This is some welcome news. I'd like to see the tax exempt status of these political groups pulled completely, but these new rules are at least a step in the right direction:
November 26, 2013

This is some welcome news. I'd like to see the tax exempt status of these political groups pulled completely, but these new rules are at least a step in the right direction:

‘This could be dramatic’:

In recent years, political organizations have exploited flaws in the campaign-finance system in a way that seems almost farcical. That may be poised to change in a big way.

For example, a group like Karl Rove’s attack operation, Crossroads GPS, or the Koch brothers’ Americans for Prosperity, can declare itself a “social welfare” organization, as opposed to a political action committee.
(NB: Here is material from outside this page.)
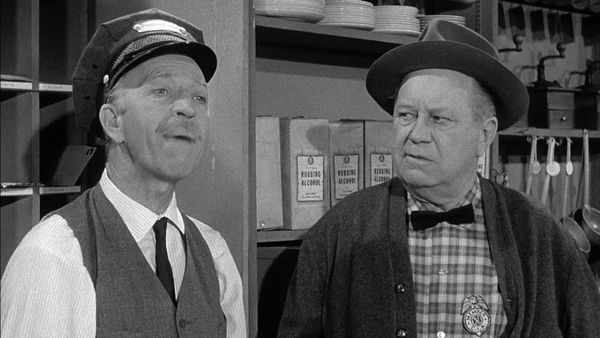 Petticoat Junction - The Hooterville Crime Wave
Once they enjoy tax-exempt status as a 501(c)4 group, these brazenly partisan outfits can raise enormous amounts of money as non-profit organizations – while keeping their donors lists entirely secret from everyone.

As Nicholas Confessore reports this afternoon, the Obama administration is eyeing new rules that would “curtail” the campaign activities of these groups that enjoy tax-exempt status, but shouldn’t.
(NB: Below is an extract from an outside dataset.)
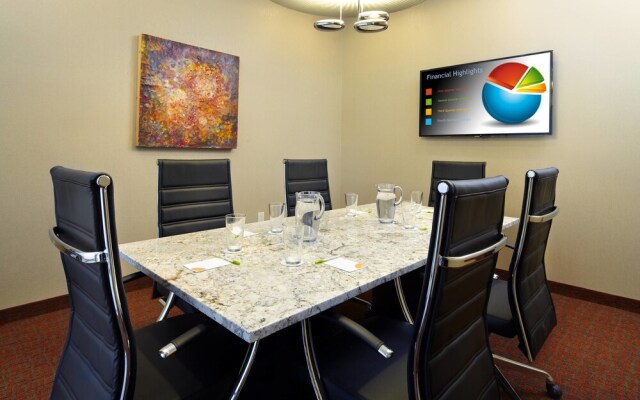 Courtyard Cleveland University Circle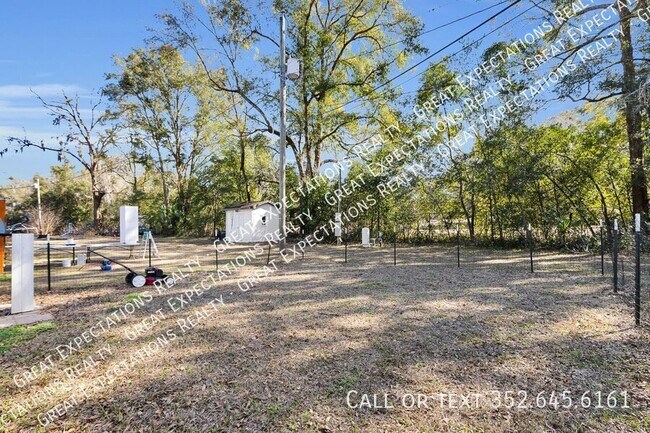Building Photo - 1884 NE 77th St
The proposed rules, announced by the Treasury Department and the Internal Revenue Service, would expand and clarify how the I.R.S. defines political activity and then establish clearer limits for how much activity nonprofits can engage in. Such a change – long urged by government watchdog groups – would be the first wholesale shift in a generation in the regulations governing political activity. […]

The rules would not prohibit political activity by nonprofit organizations. But by establishing clearer limits for campaign-related spending, the new rules could have a significant impact on the big-spending nonprofit groups that have played a central role in national politics in recent years, spending hundreds of millions of dollars on political advertising and voter outreach.

Marcus Owens, a former chief of the IRS’s exempt organizations division, told the Times, “Depending on the details, this could be dramatic.”

Quite right. The proposed guidance, for example, would say that “social welfare” organizations couldn’t engage in campaign activities such as airing television ads within 60 days of an election.

The fact that these groups were ever considered "social welfare" groups in the first place is laughable. I'm waiting for them to start screeching on Fox about how they're taking away their "free speech" and how terrible the IRS "thugs" are for finally trying to curb some of this activity.